In T 48/00 hatte der Beschwerdegegner als einzigen Grund, der gegen eine Zurückverweisung sprach, geltend gemacht, dies würde die abschließende Entscheidung in der Sache hinauszögern, so dass er durch den Fortbestand eines seines Erachtens ungültigen Patents geschädigt würde. Die Kammer wies darauf hin, dass der Beschwerdegegner jedoch die Möglichkeit hat, die Gültigkeit des Patents vor nationalen Gerichten anzufechten, während für den Beschwerdeführer der Widerruf seines Patents im Einspruchsverfahren den endgültigen Verlust seiner Rechte in allen benannten Staaten bedeuten würde.
- Verletzungsverfahren vor nationalen Gerichten
Ein Verletzungsverfahren vor einem deutschen Gericht ist der Entscheidung T 914/98 zufolge kein besonderer Grund; die Kammer urteilte, dass das grundlegende Recht der Beschwerdeführer auf rechtliches Gehör vor der Einspruchsabteilung mehr wiege als jeglicher Vorteil, der sich für die Beschwerdegegner daraus ergeben könnte, dass die Kammer die Sache abschließend behandelte, anstatt sie zurückzuverweisen.
- Dauer des Verfahrens
In T 1077/06 hatte der Beschwerdeführer, dessen rechtliches Gehör verletzt worden war, die Zurückverweisung an die erste Instanz beantragt. Nach Ansicht der Kammer hatte dieser Antrag unter den besonderen Umständes des vorliegenden Falles Vorrang gegenüber Befürchtungen, das Verfahren können ungebührlich hinausgezogen werden (s. auch T 594/00).

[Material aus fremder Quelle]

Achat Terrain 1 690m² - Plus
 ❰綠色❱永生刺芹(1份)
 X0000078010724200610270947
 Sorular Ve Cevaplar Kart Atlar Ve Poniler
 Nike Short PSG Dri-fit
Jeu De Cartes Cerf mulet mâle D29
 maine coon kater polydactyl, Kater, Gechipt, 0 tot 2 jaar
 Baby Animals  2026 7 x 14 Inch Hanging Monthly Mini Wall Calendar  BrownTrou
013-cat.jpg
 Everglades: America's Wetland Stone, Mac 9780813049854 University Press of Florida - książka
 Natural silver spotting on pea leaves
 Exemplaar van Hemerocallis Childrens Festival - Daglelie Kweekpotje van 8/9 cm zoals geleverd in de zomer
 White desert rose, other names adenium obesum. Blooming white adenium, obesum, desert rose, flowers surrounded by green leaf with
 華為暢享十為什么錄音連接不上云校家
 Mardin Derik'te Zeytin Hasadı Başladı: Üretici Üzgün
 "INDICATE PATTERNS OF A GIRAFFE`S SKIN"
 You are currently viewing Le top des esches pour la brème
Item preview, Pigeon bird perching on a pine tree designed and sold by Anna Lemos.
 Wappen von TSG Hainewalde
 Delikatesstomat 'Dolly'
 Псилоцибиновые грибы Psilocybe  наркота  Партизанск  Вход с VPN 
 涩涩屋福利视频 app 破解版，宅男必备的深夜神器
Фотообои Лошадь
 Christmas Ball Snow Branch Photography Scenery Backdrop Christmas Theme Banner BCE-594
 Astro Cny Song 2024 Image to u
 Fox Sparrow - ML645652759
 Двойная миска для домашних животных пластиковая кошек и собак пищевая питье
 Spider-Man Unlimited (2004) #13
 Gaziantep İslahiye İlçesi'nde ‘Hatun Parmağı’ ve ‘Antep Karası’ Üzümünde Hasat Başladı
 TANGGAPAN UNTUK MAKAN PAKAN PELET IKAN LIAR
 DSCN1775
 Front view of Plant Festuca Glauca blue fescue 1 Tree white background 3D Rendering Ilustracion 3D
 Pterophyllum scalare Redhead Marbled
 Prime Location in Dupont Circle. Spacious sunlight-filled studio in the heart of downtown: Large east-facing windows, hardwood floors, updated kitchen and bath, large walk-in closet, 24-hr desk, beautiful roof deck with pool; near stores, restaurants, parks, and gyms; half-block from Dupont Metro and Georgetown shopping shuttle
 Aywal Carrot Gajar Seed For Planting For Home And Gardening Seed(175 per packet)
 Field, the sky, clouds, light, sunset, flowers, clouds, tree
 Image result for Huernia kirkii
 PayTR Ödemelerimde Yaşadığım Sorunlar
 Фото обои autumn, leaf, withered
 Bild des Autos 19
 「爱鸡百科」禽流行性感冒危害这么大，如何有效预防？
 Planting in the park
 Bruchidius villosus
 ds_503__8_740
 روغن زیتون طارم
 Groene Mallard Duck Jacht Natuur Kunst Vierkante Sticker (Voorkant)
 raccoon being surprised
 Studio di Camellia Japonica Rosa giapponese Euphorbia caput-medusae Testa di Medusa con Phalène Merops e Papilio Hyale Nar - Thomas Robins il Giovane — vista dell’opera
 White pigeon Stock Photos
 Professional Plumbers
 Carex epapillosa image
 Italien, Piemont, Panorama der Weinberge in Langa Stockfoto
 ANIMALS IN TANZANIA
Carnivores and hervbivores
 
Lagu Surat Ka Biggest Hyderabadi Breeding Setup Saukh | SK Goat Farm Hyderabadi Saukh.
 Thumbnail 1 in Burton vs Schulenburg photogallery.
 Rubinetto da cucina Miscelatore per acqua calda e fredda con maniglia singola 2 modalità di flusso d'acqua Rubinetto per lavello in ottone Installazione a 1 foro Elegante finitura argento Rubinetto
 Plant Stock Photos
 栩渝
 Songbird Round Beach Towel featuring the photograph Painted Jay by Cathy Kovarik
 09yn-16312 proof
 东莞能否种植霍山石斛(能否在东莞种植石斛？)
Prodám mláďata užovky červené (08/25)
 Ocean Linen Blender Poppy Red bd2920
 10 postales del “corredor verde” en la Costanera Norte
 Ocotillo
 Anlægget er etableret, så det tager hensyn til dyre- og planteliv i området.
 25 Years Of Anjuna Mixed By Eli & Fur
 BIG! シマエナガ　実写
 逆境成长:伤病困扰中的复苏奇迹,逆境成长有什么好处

In T 591/17 prüfte die Kammer, ob das Alter der vorliegenden Anmeldung einen besonderen Grund darstellte. Die Prüfungsabteilung hatte fast zehn Jahre gebraucht, um auf das Schreiben des Beschwerdeführers zu reagieren, was nur zu einem geringen Teil auf die Aussetzung des Prüfungsverfahrens zurückzuführen war. Da sich der Beschwerdeführer jedoch zwischen 2005 und 2015 nicht ein einziges Mal zumindest nach dem Stand des Prüfungsverfahrens erkundigt hatte und in seiner Beschwerdebegründung nicht auf die Gesamtdauer des Verfahrens eingegangen war, entschied die Kammer, dass das Alter des Falls keinen besonderen Grund darstellte, um die Angelegenheit nicht zurückzuverweisen.
In T 2092/13 befand die Kammer, dass die Gesamtdauer des Verfahrens einen besonderen Grund darstellen kann. Bei der Anmeldung handelte es sich allerdings um eine Teilanmeldung, was zumindest teilweise die Dauer des Verfahrens erklärte. Dieser Umstand allein stellte im vorliegenden Fall keinen ausreichenden besonderen Grund dar, um die Zurückverweisung nicht ins Auge zu fassen.
In T 1088/11 akzeptierte die Kammer, dass eine Zurückverweisung an die erstinstanzliche Abteilung zu einer erheblichen Verfahrensverzögerung führen würde, doch konnte dies nicht als einer der besonderen Gründe nach Art. 11 VOBK 2007 betrachtet werden. Wenn gute Gründe für die Annahme vorliegen, dass die angefochtene Entscheidung in falscher Besetzung ergangen ist, die die Rechtsgültigkeit der Entscheidung infrage stellt, ist die Sache an die erstinstanzliche Abteilung zurückzuverweisen. Die Kammer schloss sich der Entscheidung in T 990/06 an, wonach unter diesen Umständen Erwägungen der Verfahrensökonomie keine Rolle spielen.